"""

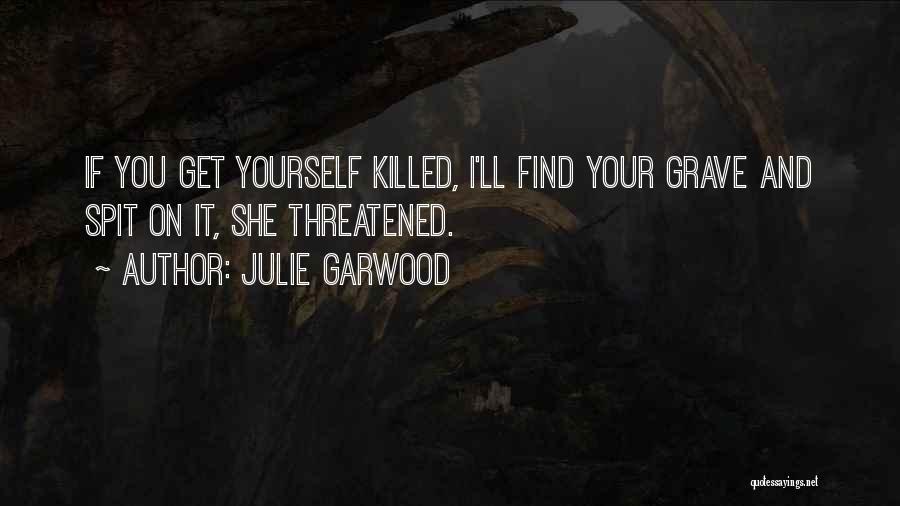 Julie Garwood Quotes 1492168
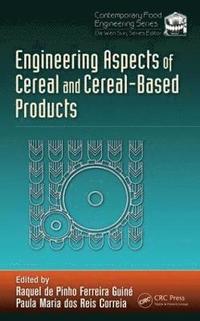 bokomslag Engineering Aspects of Cereal and Cereal-Based Products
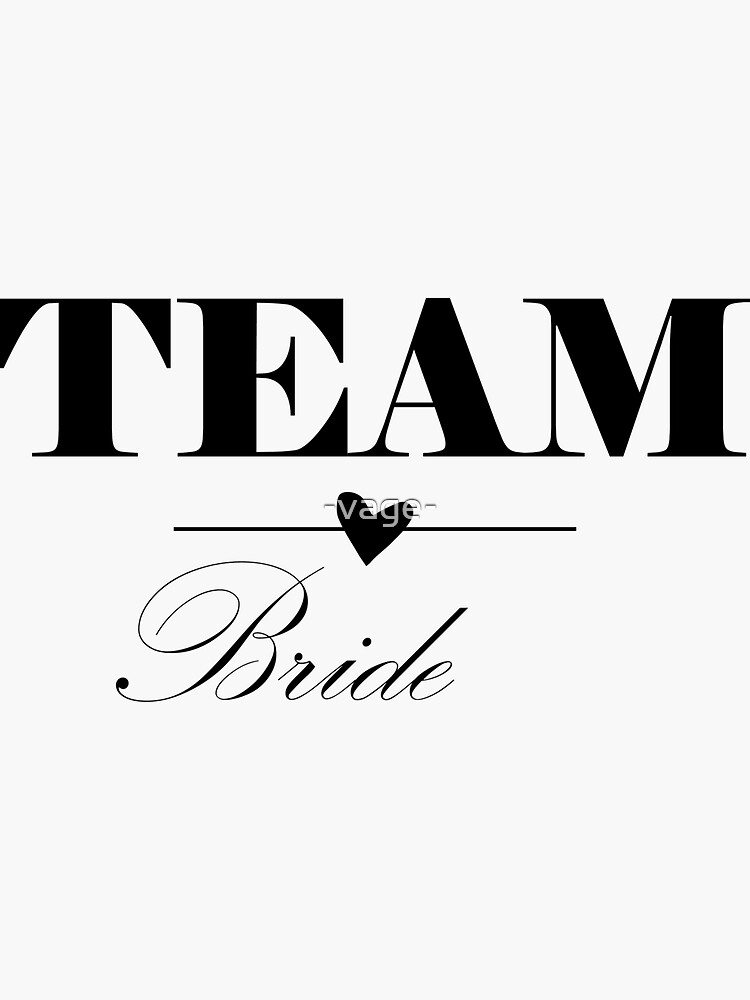 Team Bride Fashion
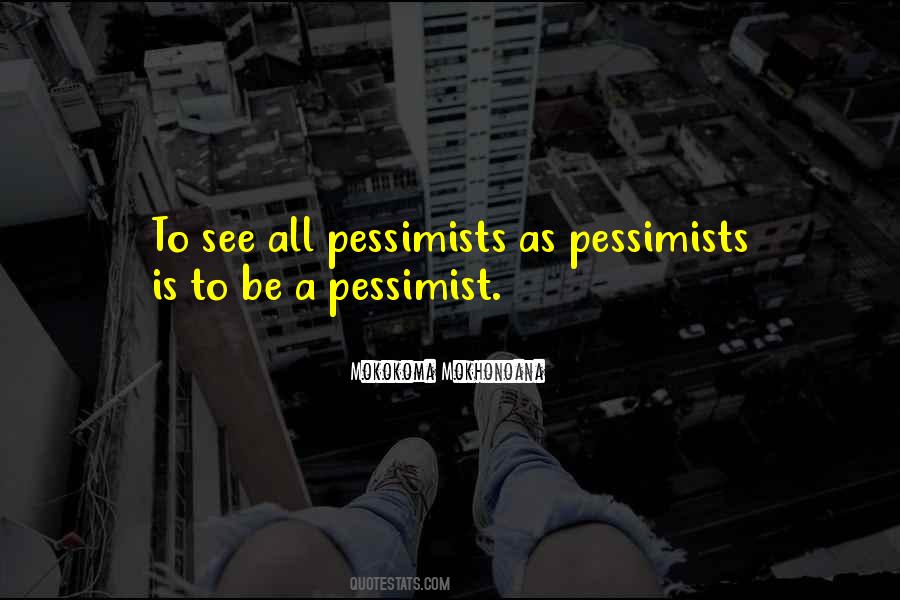 Quotes About Pessimist #640493 Quotes About Pessimist #640493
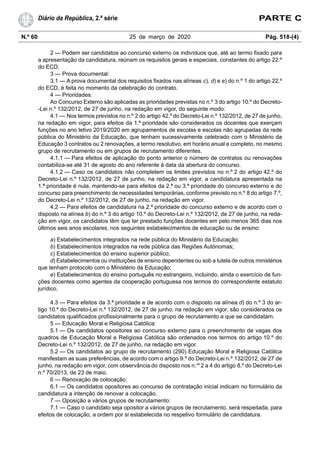 N.º 60 25 de março de 2020 Pág. 518-(4)
Diário da República, 2.ª série PARTE C
2 — Podem ser candidatos ao concurso externo os indivíduos que, até ao termo fixado para
a apresentação da candidatura, reúnam os requisitos gerais e especiais, constantes do artigo 22.º
do ECD.
3 — Prova documental:
3.1 — A prova documental dos requisitos fixados nas alíneas c), d) e e) do n.º 1 do artigo 22.º
do ECD, é feita no momento da celebração do contrato.
4 — Prioridades:
Ao Concurso Externo são aplicadas as prioridades previstas no n.º 3 do artigo 10.º do Decreto-
-Lei n.º 132/2012, de 27 de junho, na redação em vigor, do seguinte modo:
4.1 — Nos termos previstos no n.º 2 do artigo 42.º do Decreto-Lei n.º 132/2012, de 27 de junho,
na redação em vigor, para efeitos da 1.ª prioridade são considerados os docentes que exerçam
funções no ano letivo 2019/2020 em agrupamentos de escolas e escolas não agrupadas da rede
pública do Ministério da Educação, que tenham sucessivamente celebrado com o Ministério da
Educação 3 contratos ou 2 renovações, a termo resolutivo, em horário anual e completo, no mesmo
grupo de recrutamento ou em grupos de recrutamento diferentes.
4.1.1 — Para efeitos de aplicação do ponto anterior o número de contratos ou renovações
contabiliza-se até 31 de agosto do ano referente à data da abertura do concurso.
4.1.2 — Caso os candidatos não completem os limites previstos no n.º 2 do artigo 42.º do
Decreto-Lei n.º 132/2012, de 27 de junho, na redação em vigor, a candidatura apresentada na
1.ª prioridade é nula, mantendo-se para efeitos da 2.ª ou 3.ª prioridade do concurso externo e do
concurso para preenchimento de necessidades temporárias, conforme previsto no n.º 8 do artigo 7.º,
do Decreto-Lei n.º 132/2012, de 27 de junho, na redação em vigor.
4.2 — Para efeitos de candidatura na 2.ª prioridade do concurso externo e de acordo com o
disposto na alínea b) do n.º 3 do artigo 10.º do Decreto-Lei n.º 132/2012, de 27 de junho, na reda-
ção em vigor, os candidatos têm que ter prestado funções docentes em pelo menos 365 dias nos
últimos seis anos escolares, nos seguintes estabelecimentos de educação ou de ensino:
a) Estabelecimentos integrados na rede pública do Ministério da Educação;
b) Estabelecimentos integrados na rede pública das Regiões Autónomas;
c) Estabelecimentos do ensino superior público;
d) Estabelecimentos ou instituições de ensino dependentes ou sob a tutela de outros ministérios
que tenham protocolo com o Ministério da Educação;
e) Estabelecimentos do ensino português no estrangeiro, incluindo, ainda o exercício de fun-
ções docentes como agentes da cooperação portuguesa nos termos do correspondente estatuto
jurídico.
4.3 — Para efeitos da 3.ª prioridade e de acordo com o disposto na alínea d) do n.º 3 do ar-
tigo 10.º do Decreto-Lei n.º 132/2012, de 27 de junho, na redação em vigor, são considerados os
candidatos qualificados profissionalmente para o grupo de recrutamento a que se candidatam.
5 — Educação Moral e Religiosa Católica:
5.1 — Os candidatos opositores ao concurso externo para o preenchimento de vagas dos
quadros de Educação Moral e Religiosa Católica são ordenados nos termos do artigo 10.º do
Decreto-Lei n.º 132/2012, de 27 de junho, na redação em vigor.
5.2 — Os candidatos ao grupo de recrutamento (290) Educação Moral e Religiosa Católica
manifestam as suas preferências, de acordo com o artigo 9.º do Decreto-Lei n.º 132/2012, de 27 de
junho, na redação em vigor, com observância do disposto nos n.os
2 a 4 do artigo 8.º do Decreto-Lei
n.º 70/2013, de 23 de maio.
6 — Renovação de colocação:
6.1 — Os candidatos opositores ao concurso de contratação inicial indicam no formulário da
candidatura a intenção de renovar a colocação.
7 — Oposição a vários grupos de recrutamento:
7.1 — Caso o candidato seja opositor a vários grupos de recrutamento, será respeitada, para
efeitos de colocação, a ordem por si estabelecida no respetivo formulário de candidatura.
 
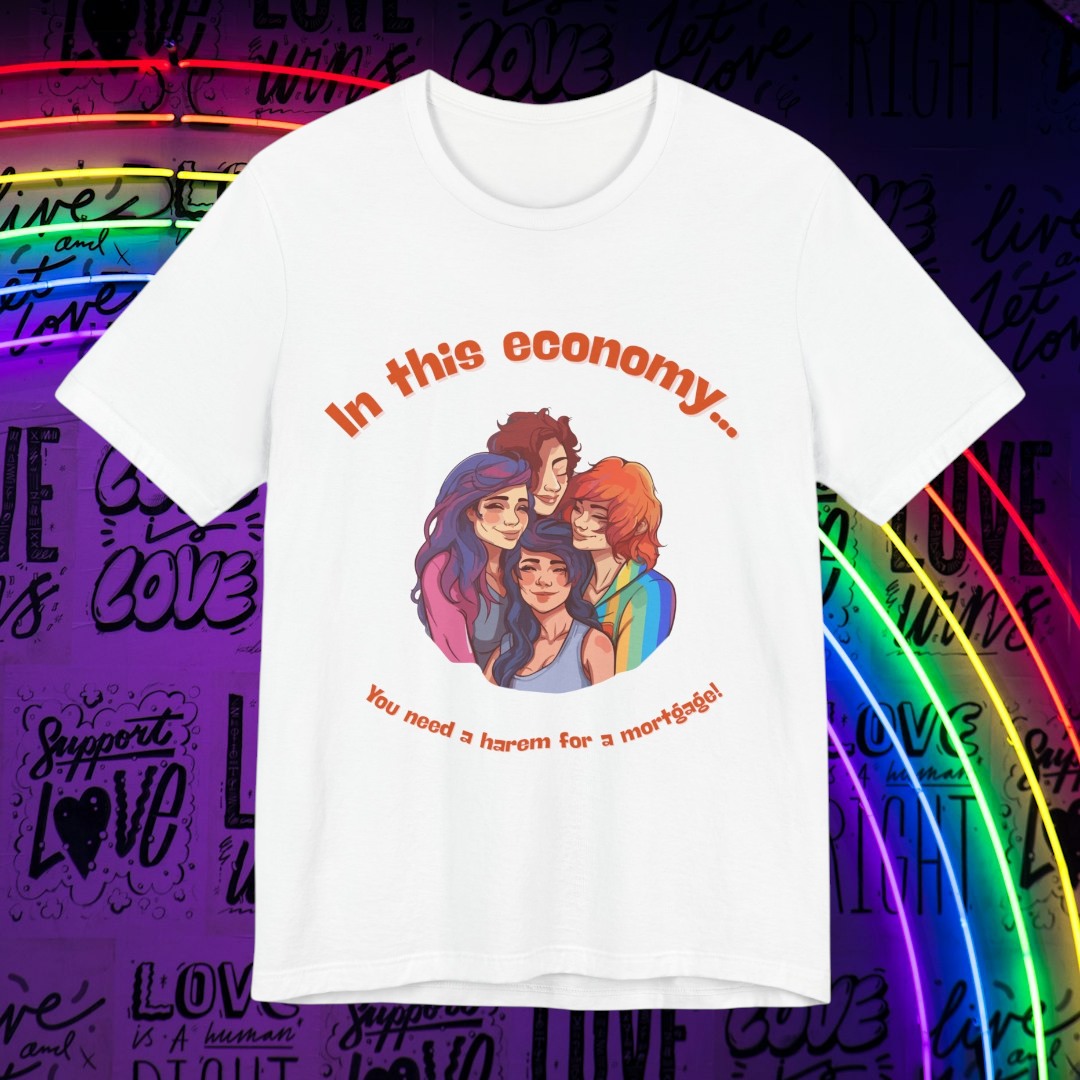 You need a harem for a mortgage Tee
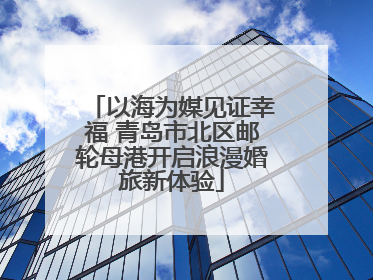 以海为媒见证幸福 青岛市北区邮轮母港开启浪漫婚旅新体验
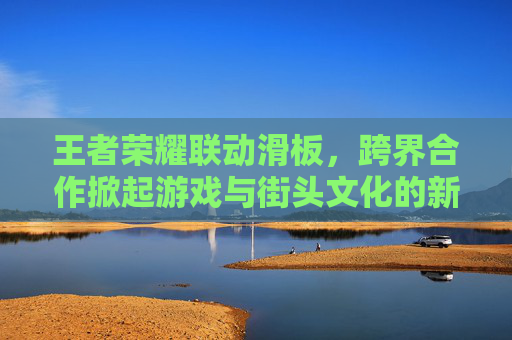 王者荣耀联动滑板，跨界合作掀起游戏与街头文化的新浪潮,王者荣耀 联动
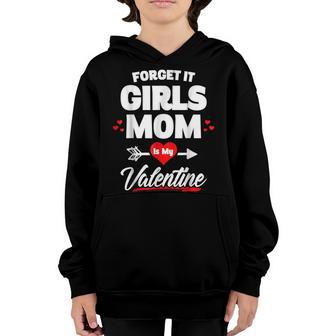 Forget It Girls Mom Is My Valentine Valentines Day Boys Kids Youth Hoodie - Thegiftio UK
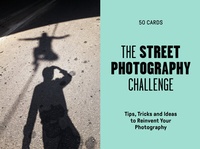 Abbildung von: The Street Photography Challenge - Laurence King Publishing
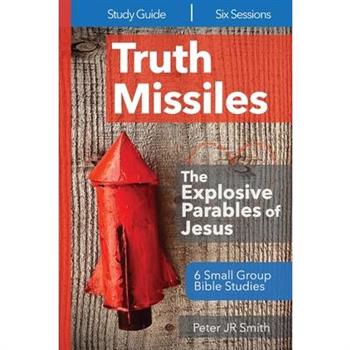 Truth Missiles - 6 Bible Studies on The Parables of Jesus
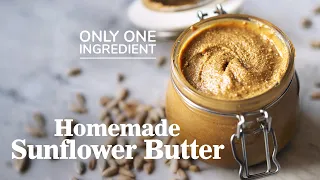 HOW TO MAKE SUNFLOWER SEED BUTTER | Allergy-Free Peanut Butter Alternative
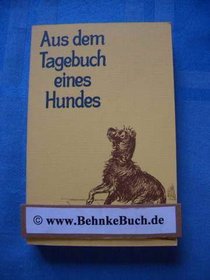 Aus dem Tagebuch eines Hundes (KuKu) (German Edition)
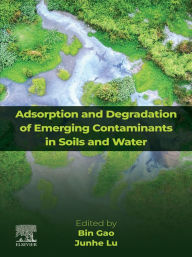 Title: Adsorption and Degradation of Emerging Contaminants in Soils and Water, Author: Bin Gao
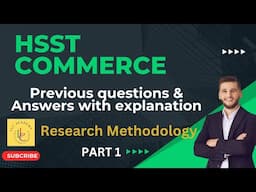 HSST COMMERCE | PREVIOUS QUESTIONS | RESEARCH METHODOLOLGY | PART 1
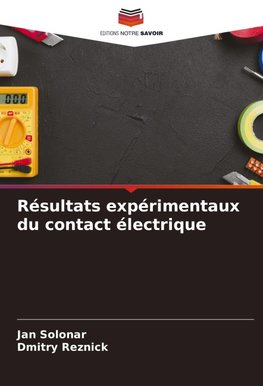 Résultats expérimentaux du contact électrique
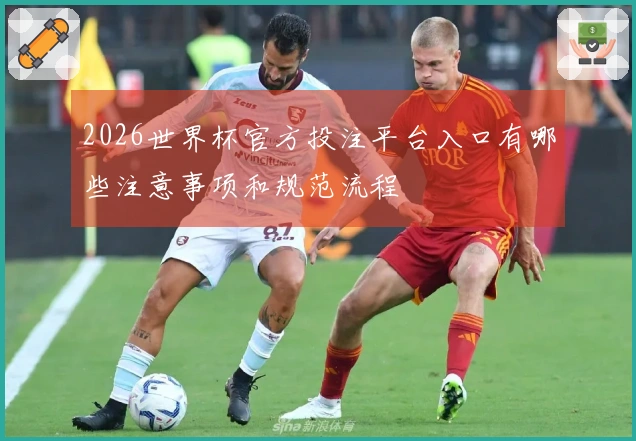 2026世界杯官方投注平台入口有哪些注意事项和规范流程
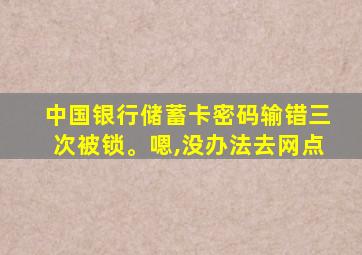 中国银行储蓄卡密码输错三次被锁。嗯,没办法去网点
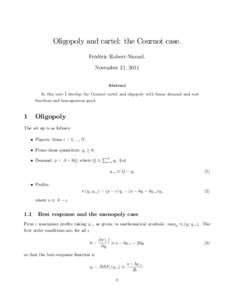 Oligopoly and cartel: the Cournot case. Frédéric Robert-Nicoud. November 21, 2011 Abstract In this note I develop the Cournot cartel and oligopoly with linear demand and cost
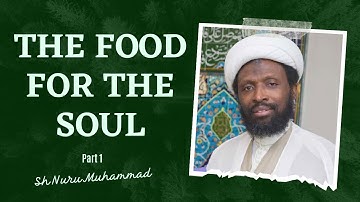 The Food for the Soul (Part 1) | Sheikh Nuru Muhammad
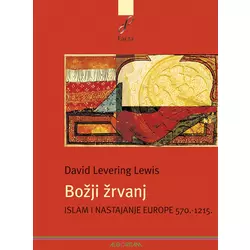 Božji žrvanj - Islam i nastajanje Europe 570.-1215.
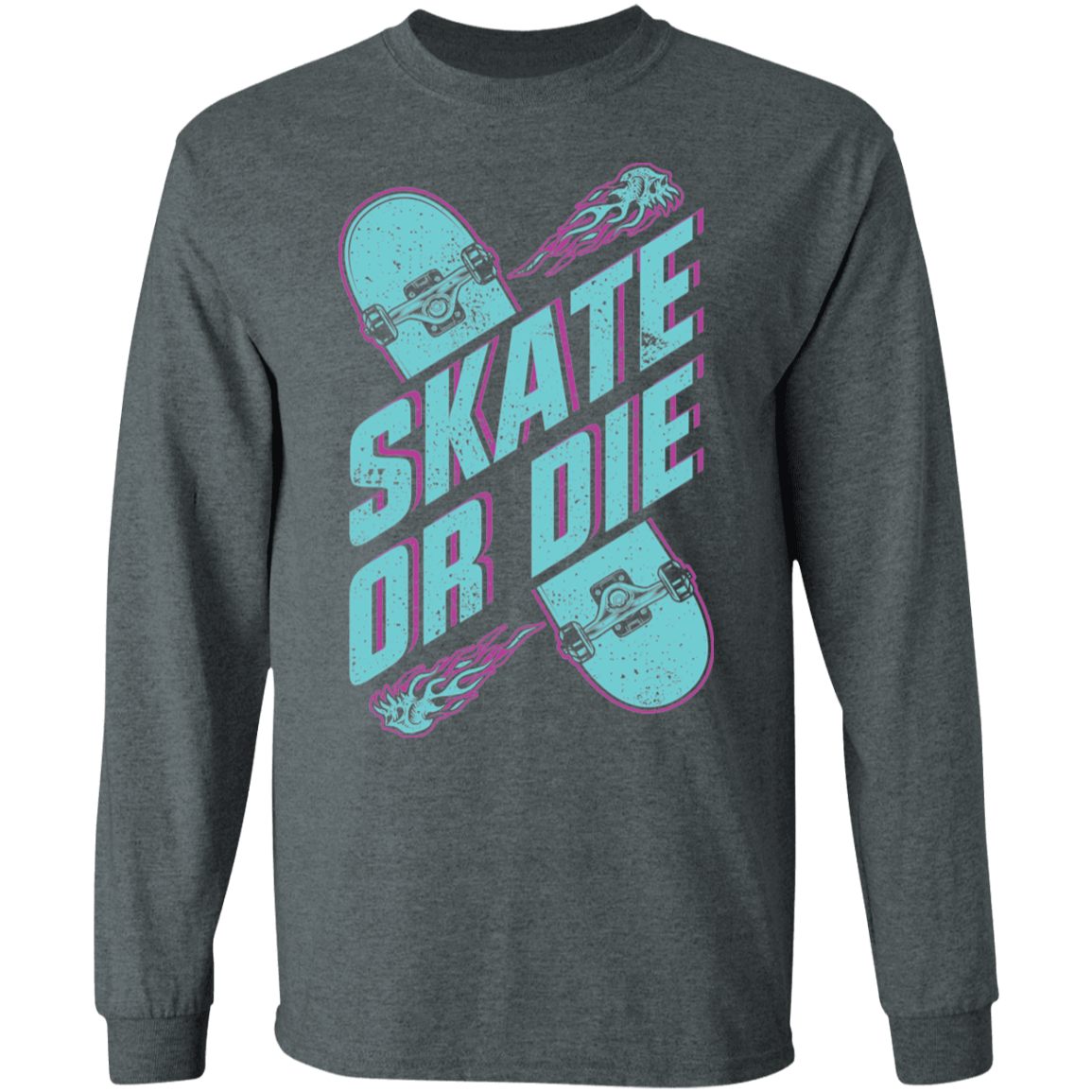 Skate or Die Skateboarding Skater Long Sleeve T-Shirt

"""

- **Exercise prompt**: Search the material for the string "integrados" and show every line that has it.

- **Answer area**:
a) Estabelecimentos integrados na rede pública do Ministério da Educação;
b) Estabelecimentos integrados na rede pública das Regiões Autónomas;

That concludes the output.